You know the world is a funny place when Delmon Young not only has a higher batting average than Joe Mauer, but also a better OPS and even a better wOBA! Young, of course, plays left field while Mauer plays catcher, so Joe has still rated as the more valuable player, but if someone had told me before the season started that that difference would be just 0.4 WAR, I probably would have laughed in their face.
But for all those people who held strong to their belief that the potential Young had displayed to entice the Rays to pick him first overall and to convince the Twins to trade for him was still there, the 2010 season has been a vindication. I consider myself one who was in the camp to give Young another shot to start everyday this year, but I can't say I was one who thought he'd actually make anything of it.

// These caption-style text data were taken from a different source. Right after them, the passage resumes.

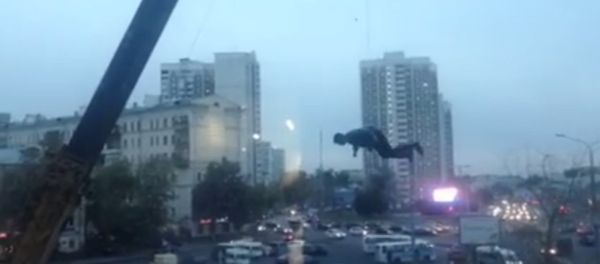 Flying man in Moscow - Sputnik International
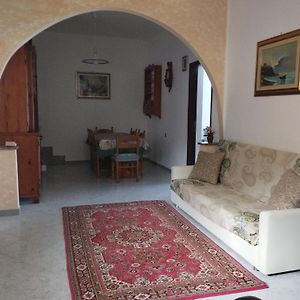 Villa Casa Vacanza Anna Con Vista Balcone La Laguna ,Situata A 5 Minuti Dal Centro A Piedi à SantʼAntìoco Exterior photo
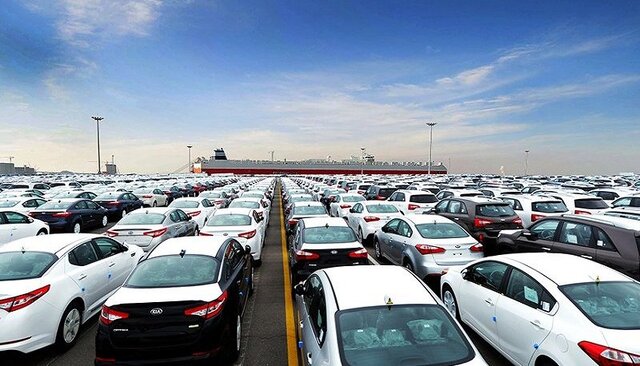 رشیدی‌ کوچی: خودروسازان در واردات خودرو میدان‌ دار شده‌ اند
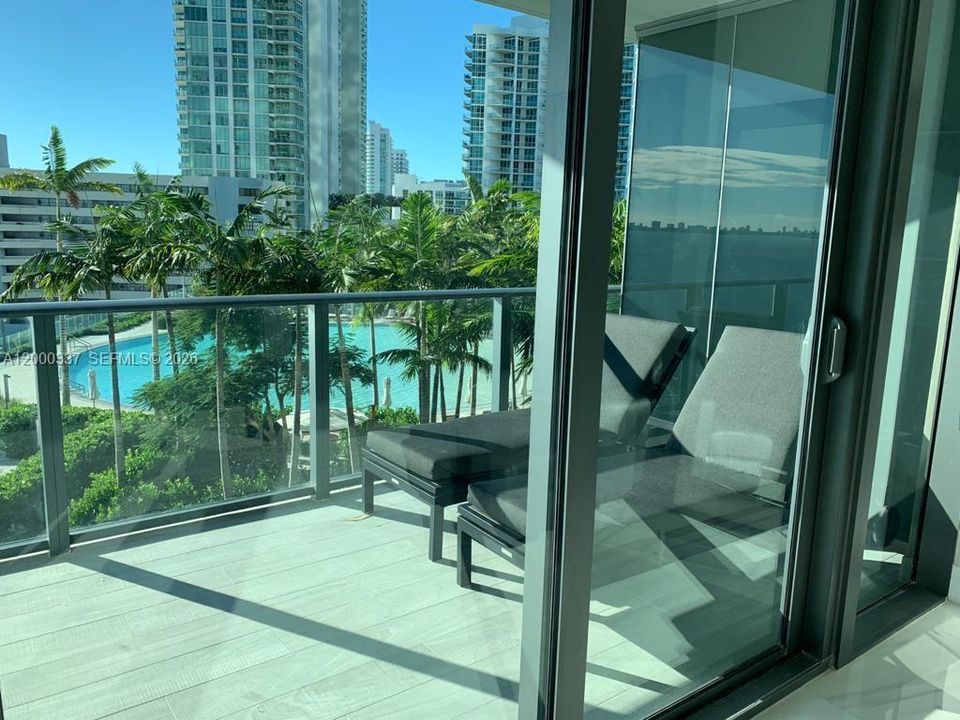 Active With Contract: $5,700 (2 beds, 3 baths, 1151 Square Feet)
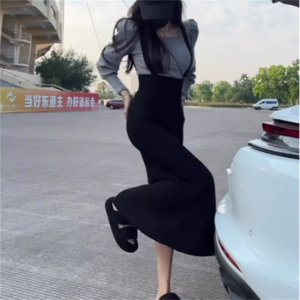 【送料無料】 スカート トップス付き 2点セット オールインワン サロペット ロングスカート マーメイド Aライン フレア ロング ミモレ かわいい 大人可愛い 大人女子 こなれ感 シンプル カジュアル 大人 上品 おしゃれ お洒落 ラフ コンサバ エレガント フェミニン ガーリー 無地 春 秋 20代 30代 40代 レディース 女性 デート お出かけ お茶会 女子会 休日 演奏会 授業参観 着回し プチプライス デイリーユース 普段使い オルチャン 韓国系 ファッション 着痩せ インスタ映え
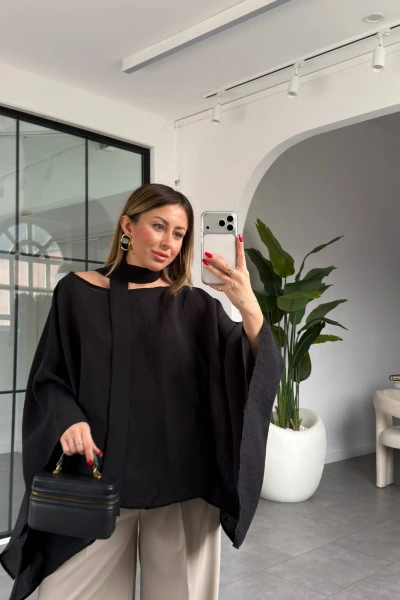 SİYAH YARASA KOL KUŞAKLI BLUZ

And, while Mauer's numbers are down compared to last year (an unavoidable regression) and compared to his career numbers (a more disappointing fact), Young's stats are very solid. After being worth an abominable -1.8 wins in his first two seasons in Minnesota, including a horrifying -1.1 wins in just 108 games last year, Young's 2010 mark of 1.3 ranks 9th among left fielders (as classified by FanGraphs).
Better yet, the underlying numbers suggest that the strides he's made are for real. His BABIP is a reasonable .308, a number that is actually lower than his incredibly consistent .338 BABIP from each of the last three years. His HR/FB % of 11.4, although slightly higher than his career mark, is right around league average and is the same as what he posted in 2009.
So then what is behind his newfound success? The answer is simple: more fly balls and walks and fewer ground balls and strikeouts. The increased number of fly balls means more homers, and the increase in free passes--though still very low compared to the average hitter--results, obviously, in a better OBP. The strikeouts are the part of this equation least likely to hold up, as his respectable 14:23 BB:K ratio rests on an 11.2 K%, which more than cuts in half his rate from last year.
And then there's his fielding. While it's tough to judge anything based on two and a half months of data, UZR has him as being just above average in left field, which is a huge upgrade over his worst-outfielder-in-the-majors ratings from 2008 and 2009. His slimmer physique may have something to do with it, but so could the always-boring excuse of measurement error.
All in all, though, Delmon Young's improvement looks to be largely for real. I hope that the vast majority of us Twins fans who gave up on him are proved to have been decidedly too impatient.